Nous aimions-nous ? Nous nous aimions à travers mon Miller, ton Genet, un Faust ou notre Chopin. Tu étais pendant un certain temps mon Yuchan 1 , puis à d’autres moments mon voleur dont le journal de Genet décrivait si bien les travers. Tes travers. Humains. J’en riais lorsque je surprenais dans ta voix la fausse vérité, changeante, vibrante mais combien tienne. Elle serpentait langoureusement le long de ta gorge robuste, allait puiser dans le creux de ton ventre la sonorité du réel pour se déverser de tes lèvres en gouttelettes fluides et dansantes. Je t’ai vu souvent appuyer d’un regard lointain cette posture. Attendrissant oui, tu l’étais.
On ne s’aimait pas. Quelle raillerie de s’entendre dire « je t’aime », non, nous n’étions pas dupes.
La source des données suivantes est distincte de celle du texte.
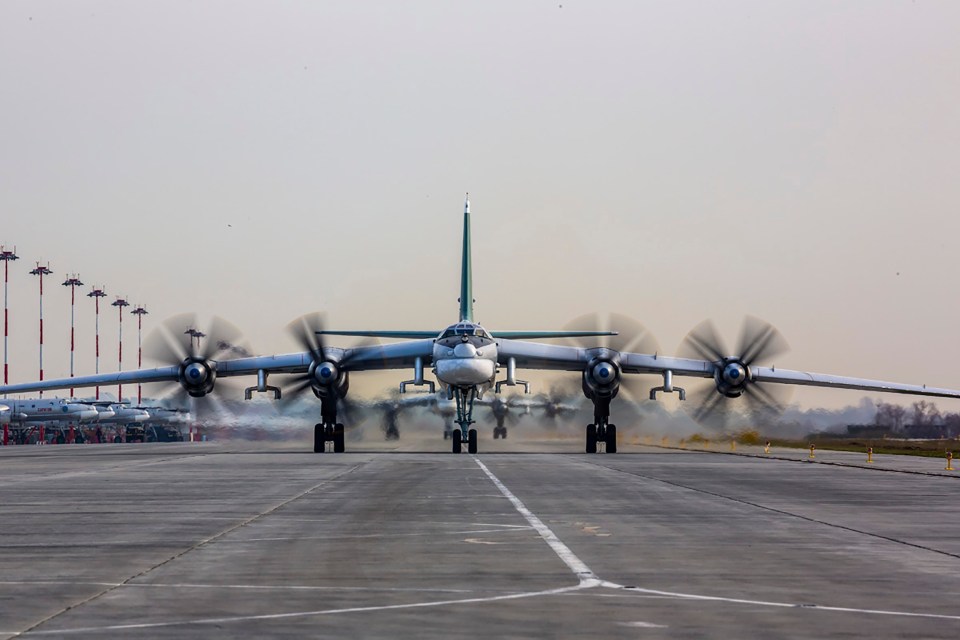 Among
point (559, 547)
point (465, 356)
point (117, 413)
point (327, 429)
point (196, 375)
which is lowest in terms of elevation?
point (117, 413)

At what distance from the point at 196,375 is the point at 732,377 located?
18537 mm

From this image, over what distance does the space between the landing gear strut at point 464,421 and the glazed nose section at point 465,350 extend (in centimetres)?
Result: 172

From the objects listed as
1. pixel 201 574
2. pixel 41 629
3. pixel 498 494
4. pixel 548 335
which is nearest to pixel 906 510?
pixel 498 494

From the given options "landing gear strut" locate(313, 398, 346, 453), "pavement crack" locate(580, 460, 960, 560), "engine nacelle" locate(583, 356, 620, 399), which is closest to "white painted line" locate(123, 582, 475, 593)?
"pavement crack" locate(580, 460, 960, 560)

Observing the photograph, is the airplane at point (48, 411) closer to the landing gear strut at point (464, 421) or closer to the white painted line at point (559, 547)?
the landing gear strut at point (464, 421)

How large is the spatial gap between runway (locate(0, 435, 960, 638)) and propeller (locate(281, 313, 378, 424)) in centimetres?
2109

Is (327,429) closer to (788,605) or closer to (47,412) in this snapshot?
→ (788,605)

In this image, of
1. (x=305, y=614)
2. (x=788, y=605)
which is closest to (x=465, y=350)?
(x=788, y=605)

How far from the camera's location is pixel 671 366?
45688 mm

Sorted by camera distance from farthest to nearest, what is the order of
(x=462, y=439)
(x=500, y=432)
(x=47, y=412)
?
(x=47, y=412) → (x=500, y=432) → (x=462, y=439)

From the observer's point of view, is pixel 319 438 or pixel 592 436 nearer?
pixel 319 438

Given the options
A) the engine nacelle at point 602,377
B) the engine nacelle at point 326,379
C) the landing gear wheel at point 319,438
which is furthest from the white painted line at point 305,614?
the landing gear wheel at point 319,438

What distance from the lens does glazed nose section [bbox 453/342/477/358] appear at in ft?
135

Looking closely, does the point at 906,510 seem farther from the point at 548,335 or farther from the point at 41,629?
the point at 548,335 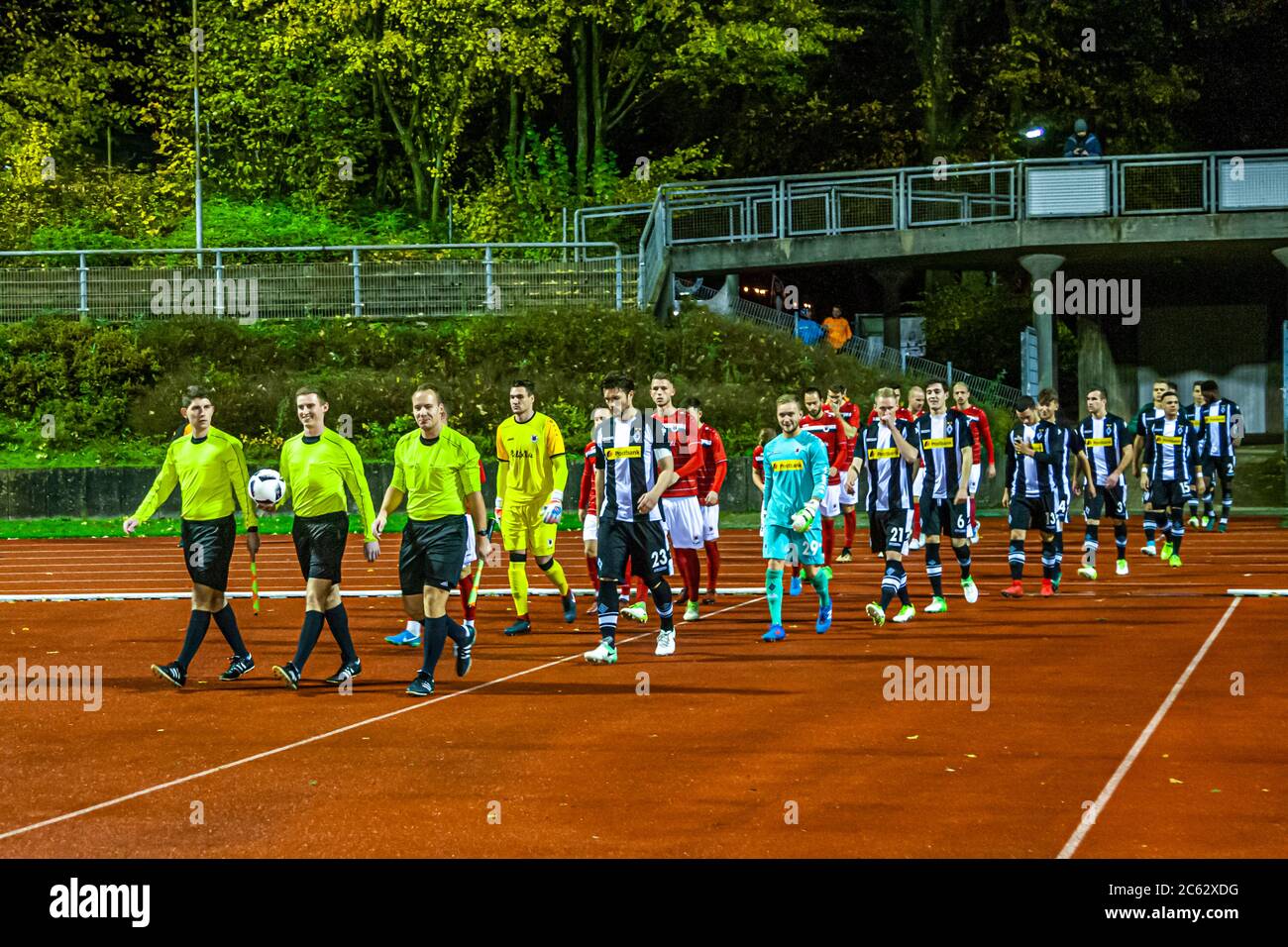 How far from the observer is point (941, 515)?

Ce sentiment bêtifie et on se refusait la bêtise plus que la peste, évidemment celle racontée dans les livres; la vraie nous ne la connaîtrons jamais. Par notre siècle aseptisé, nous devinons les choses, nous ne les vivons pas.
Nous étions tout aussi mal à l’aise dans l’acte de cet amour. Exécuter par le corps l’émotion de la jubilation exige de désinhiber le regard de l’esprit. Or le mien n’en était que plus éveillé; critique et moqueur. Qu’en était-il du tien ?
Nos corps se désiraient diablement. De loin. Au loin. Mais leurs contacts nous ont toujours frustrés; ils ne savaient pas s’aimer. Nos corps lisaient d’autres histoires, certainement pas celles que nos sens chérissaient et les histoires de nos vies révélaient un énorme fossé.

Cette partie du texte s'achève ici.